Health and Human Services Secretary Robert F. Kennedy Jr. has abruptly postponed a meeting of the U.S. Preventive Services Task Force originally scheduled for Thursday, according to an email sent to members of the public who had planned on attending.
“The Immediate Office of the Secretary is postponing the July USPSTF meeting. Moving forward, HHS looks forward to engaging with the Task Force to promote the health and well-being of the American people,” the email stated.
An HHS spokesman confirmed the cancellation but did not provide a reasoning.
The cancellation comes on the heels of a Supreme Court decision last month that asserted Kennedy has power to hire and fire members of the task force at will, and to review and potentially delay or veto the recommendations they issue — something that no prior administration has ever done.
The task force is composed of medical experts who serve four-year terms on a volunteer basis. They are appointed by the HHS secretary and are supposed to be shielded from political influence. Congress designed the task force to be “independent and, to the extent practicable, not subject to political pressure.”
Task force members meet three times a year, in March, July and November.
ObamaCare requires insurers cover services the task force recommends with a “grade” of A or B, such as cancer screenings and HIV-prevention drugs.

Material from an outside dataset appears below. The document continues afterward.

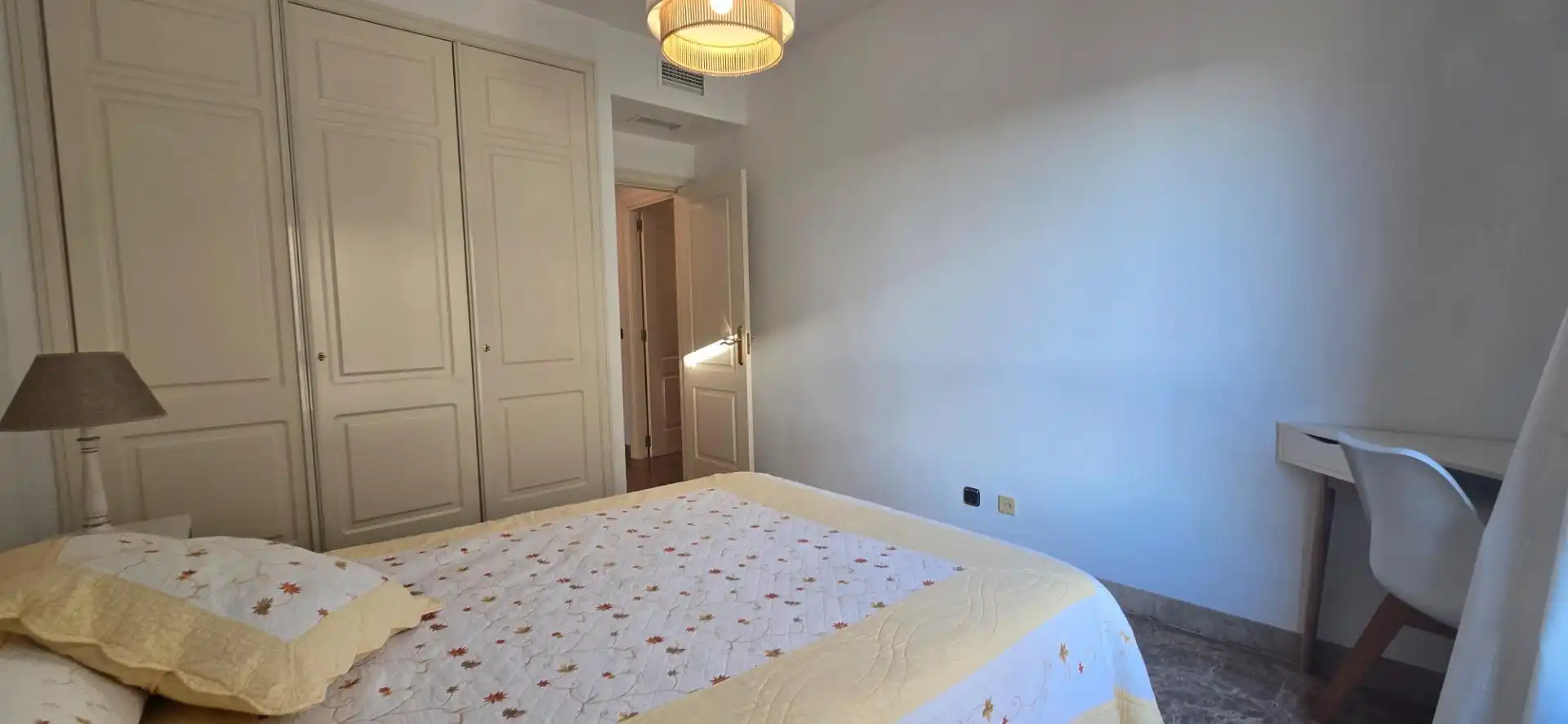 Dormitori de Pis de lloguer en Marbella amb Aire condicionat, Moblat i Jacuzzi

The sudden cancellation of the meeting raised alarms among public health experts, who fear Kennedy could meddle with the task force’s composition or fire its members, like he did with a vaccine advisory panel last month.
AcademyHealth, a nonpartisan group representing health researchers, sent a letter to congressional health leaders Wednesday urging them to protect the integrity of the USPSTF “from intentional or unintentional political interference.”
“The loss of trustworthiness in the rigorous and nonpartisan work of the Task Force would devastate patients, hospital systems, and payers as misinformation creates barriers to accessing lifesaving and cost effective care,” the group wrote.